The RSE (also known as the model sigma) is the residual variation, representing the average variation of the observations points around the fitted regression line. This is the standard deviation of residual errors.

RSE provides an absolute measure of patterns in the data that can’t be explained by the model. When comparing two models, the model with the small RSE is a good indication that this model fits the best the data.

Dividing the RSE by the average value of the outcome variable will give you the prediction error rate, which should be as small as possible.

In our example, RSE = 3.91, meaning that the observed sales values deviate from the true regression line by approximately 3.9 units in average.
Whether or not an RSE of 3.9 units is an acceptable prediction error is subjective and depends on the problem context. This is why we usually normalise it with respect to the predicted variable.

Calculate the percentage error: RSE/mean(y)

RSE = model_summary$sigma
y= marketing$sales
error =  RSE/mean(y)
error

## [1] 0.2323877

The R-squared (R2) ranges from 0 to 1 and represents the proportion of information (i.e. variation) in the data that can be explained by the model. The adjusted R-squared adjusts for the degrees of freedom.

The R2 measures, how well the model fits the data. For a simple linear regression, R2 is the square of the Pearson correlation coefficient.

A high value of R2 is a good indication. However, as the value of R2 tends to increase when more predictors are added in the model, such as in multiple linear regression model, you should mainly consider the adjusted R-squared, which is a penalized R2 for a higher number of predictors.

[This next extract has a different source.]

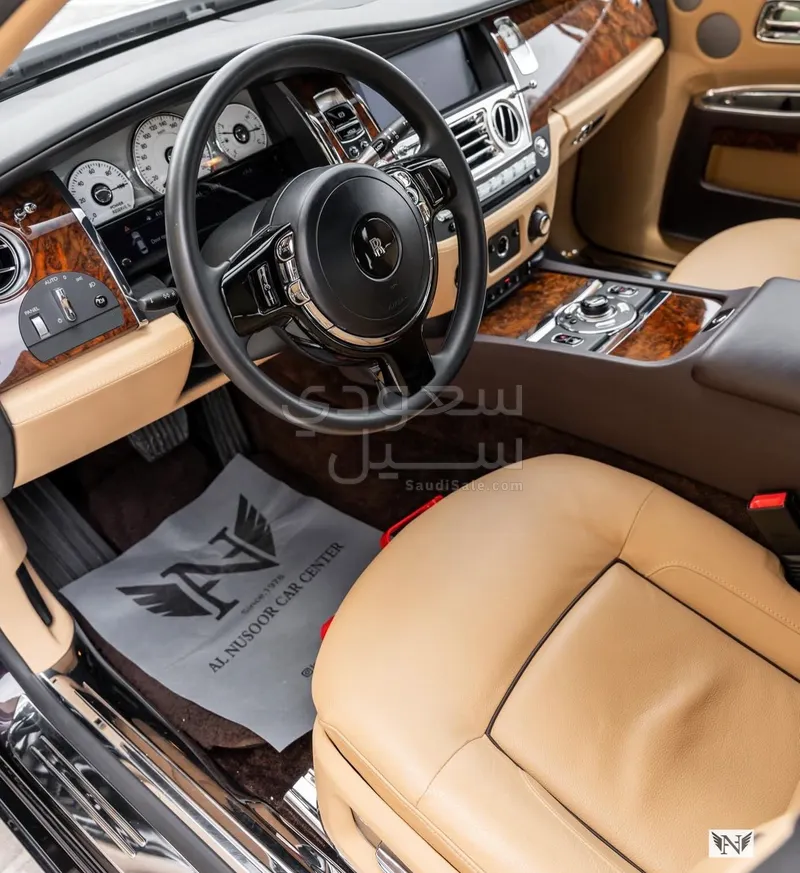 2011 رولز رويس قوست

An (adjusted) R2 that is close to 1 indicates that a large proportion of the variability in the outcome has been explained by the regression model. A number near 0 indicates that the regression model did not explain much of the variability in the outcome. F-Statistic: The F-statistic gives the overall significance of the model. It assess whether at least one predictor variable has a non-zero coefficient.

In a simple linear regression, this test is not really interesting since it just duplicates the information in given by the t-test, available in the coefficient table. In fact, the F test is identical to the square of the t test: 312.1 = (17.67)^2. This is true in any model with 1 degree of freedom.

The F-statistic becomes more important once we start using multiple predictors as in multiple linear regression.
A large F-statistic will corresponds to a statistically significant p-value (p < 0.05). In our example, the F-statistic equal 312.14 producing a p-value of 1.46e-42, which is highly significant.

Is the F test significant in our case?

#Le F nous donne un p <0.05 donc c'est significatif

Make sure your data meet the assumptions: We can use R to check that our data meet the four main assumptions for linear regression. This can be done only after the model conructiion as we will see.

Check main assumptions for linear regression using plots seen in the course. Recall that they may summurised by : residuals need to be normal, independent and have same variance and (X,y) need to have good linear corrlation.

#There is 4 main assumptions:
#Linearity, Homoscedasticity, Independenc, Normality
res = resid(model)
plot(fitted(model),res)
abline(0,0)

qqnorm(res)
qqline(res)

plot(density(res))

Give an interpretation of the Residuals vs. Leverage Plot.

plot(model)

#A residuals vs. leverage plot is a type of diagnostic plot that allows us to identify influential observations in a regression model.Each observation from the dataset is shown as a single point within the plot. The x-axis shows the leverage of each point and the y-axis shows the standardized residual of each point.